千曲万来余話その409「B氏弦楽四重奏曲第12番変ホ長調作品127、後期傑作群の劈頭をかざる・・・」
三月二日、大学生による混声合唱演奏会に足を運んだ、教育文化会館小ホール。
四ステージ構成で、それぞれが若々しいコーラス、聴いていて勇気を吹き込まれるような音楽で、演奏の原点が味わえるような感動を味わうことになる。前半三部までは男性指揮者によるもので、第四部は女性が担当していたのだけれども、ステージの風景が一変した。それまでは男性が舞台下手から先に入場して舞台上手に配置され、女性が遅れて整列する。それが、男性後列に二十名余り二列、前列女性二列で十四名という具合に並んだ。風景通り、始めは女声と男声が左右対称に展開した音楽であったのが、第四ステージは明らかに響きがそれとは、異なっていたのだ。
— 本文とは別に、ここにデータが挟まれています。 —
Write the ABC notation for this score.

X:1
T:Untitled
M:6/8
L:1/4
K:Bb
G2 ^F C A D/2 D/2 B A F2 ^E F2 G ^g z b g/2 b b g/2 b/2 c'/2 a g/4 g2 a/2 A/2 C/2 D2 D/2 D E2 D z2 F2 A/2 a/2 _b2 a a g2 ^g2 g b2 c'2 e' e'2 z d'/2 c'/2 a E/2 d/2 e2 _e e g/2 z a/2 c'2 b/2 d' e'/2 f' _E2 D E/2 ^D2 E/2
男声の分厚い響きの前に女声の響きが繰り広げられた混声合唱に変貌していた。すなわち、それまでは女声と男声があきらかに分離、セパレイトしていた響きが、一体となって面白い響きに変化を聴かせたといえる。
女性指揮者は指揮台を外して、ピンヒールを履いていたのでロウヒールの方が良かったのにという感想は、まあ、どうでも良かったのだけれど、声部配置は思い切ったものだったといえる。きっと賢明な考えによる指揮で、コーラスに一際精彩が増したのは言うまでもない。ぶらぼうっ!それは満月夜の演奏会で、帰り道、中空に月は明るかった。
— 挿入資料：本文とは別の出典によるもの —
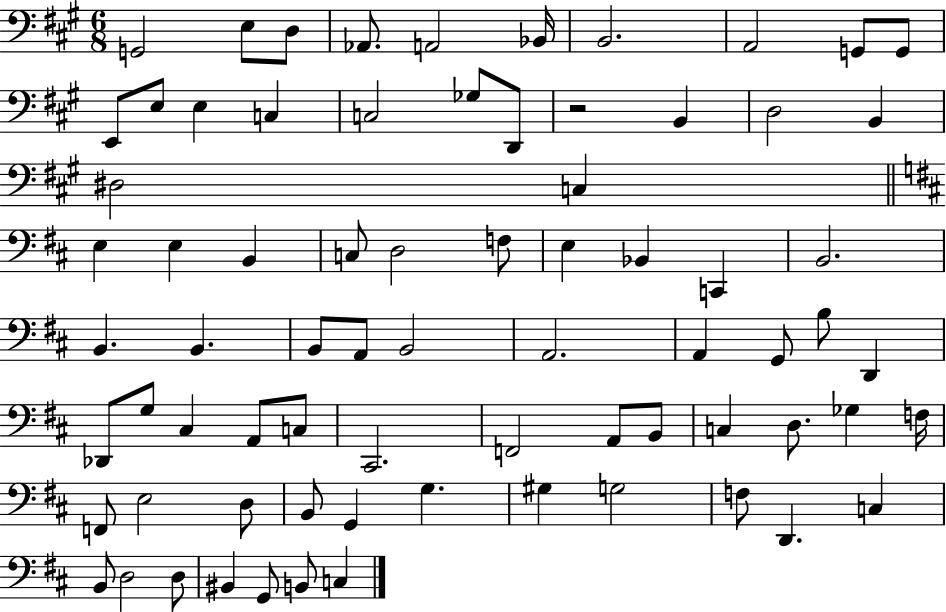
{
  \clef bass
  \numericTimeSignature
  \time 6/8
  \key a \major
  g,2 e8 d8 | aes,8. a,2 bes,16 | b,2. | a,2 g,8 g,8 | \break e,8 e8 e4 c4 | c2 ges8 d,8 | r2 b,4 | d2 b,4 | \break dis2 c4 | \bar "||" \break \key d \major e4 e4 b,4 | c8 d2 f8 | e4 bes,4 c,4 | b,2. | \break b,4. b,4. | b,8 a,8 b,2 | a,2. | a,4 g,8 b8 d,4 | \break des,8 g8 cis4 a,8 c8 | cis,2. | f,2 a,8 b,8 | c4 d8. ges4 f16 | \break f,8 e2 d8 | b,8 g,4 g4. | gis4 g2 | f8 d,4. c4 | \break b,8 d2 d8 | bis,4 g,8 b,8 c4 | \bar "|."
}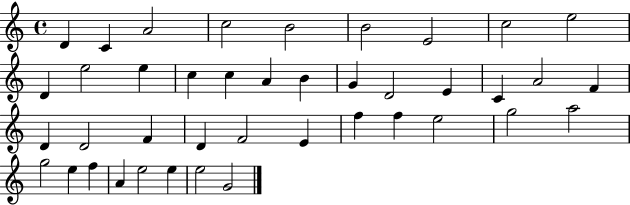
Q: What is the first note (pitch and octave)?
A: D4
ベートーヴェンは1825年に第12番変ホ長調作品127を作曲している。弦楽四重奏曲全十六曲中、後期作品群の最初に位置する重要な作品で、第二楽章はアダージョ、マノントロッポ、エ モルト カンタービレ。幅広く緩やかで、はなはだしくなく、そして充分に歌心をもって、という楽想用語。簡潔にして明瞭、B氏の切実さが伝わる。クリングラー四重奏団、1930年頃の録音、モノーラルレコード、いうまでもなく定位やチャンネルセパレイションはないのだけれどもチェロとアルトという低声部、そして高低二色のヴァイオリンの旋律線は、くっきりと、立体的である演奏、そう数あるものではない。唯一無二の録音と言っても良い演奏である。1960年代多数ステレオ録音の主流を占めたのは左側に第一と第二ヴァイオリン、右側にアルト、チェロの低声部というもの。
このサイトで、書き起こしに混声合唱の話を披露したのは、合唱のことの他に声部配置問題、高音部の後ろに低音部を配置すると音響的にどうなるのか?という問題提起のためであった。
モノーラルレコードであっても、その録音自体、声部配置が、第一ヴァイオリンの奥にチェロ、対面してアルト、第二ヴァイオリンという音楽は、多数の弦楽四重奏と、明らかに異なる音楽であるということを、印象付けるといえる。ちなみに、クリングラー四重奏団は大ホールにおける弦楽四重奏の演奏であっても、ヴァイオリン両翼配置、中央にチェロとアルトの配置写真が残されている。
世の中では、コピーの提出問題、何をコピーしたものかで騒動を起こしているけれど、元になるものが、しっかりしていてコピーは意味があるというもの。数あるコピーを用意する意味は何も無くて、このレコード一枚の写真でもってサイト観察者の皆さんは納得が行く話となることであろう。
思えば、陽の目を見ない録音風景写真は数あることであろうけれど、貴重なソース、お蔵入りの物も多数。それらがこれから封印を解かれることを期待される。インターネットの力は、流通するペーパーを凌駕することが出来るものなのか?興味深いものがある。輸入レコードを収集していて、自由に入手できる時代に対し盤友人は、恩恵にあずかること大なのである。自由、というのは価値あるキーワード、ありがとう!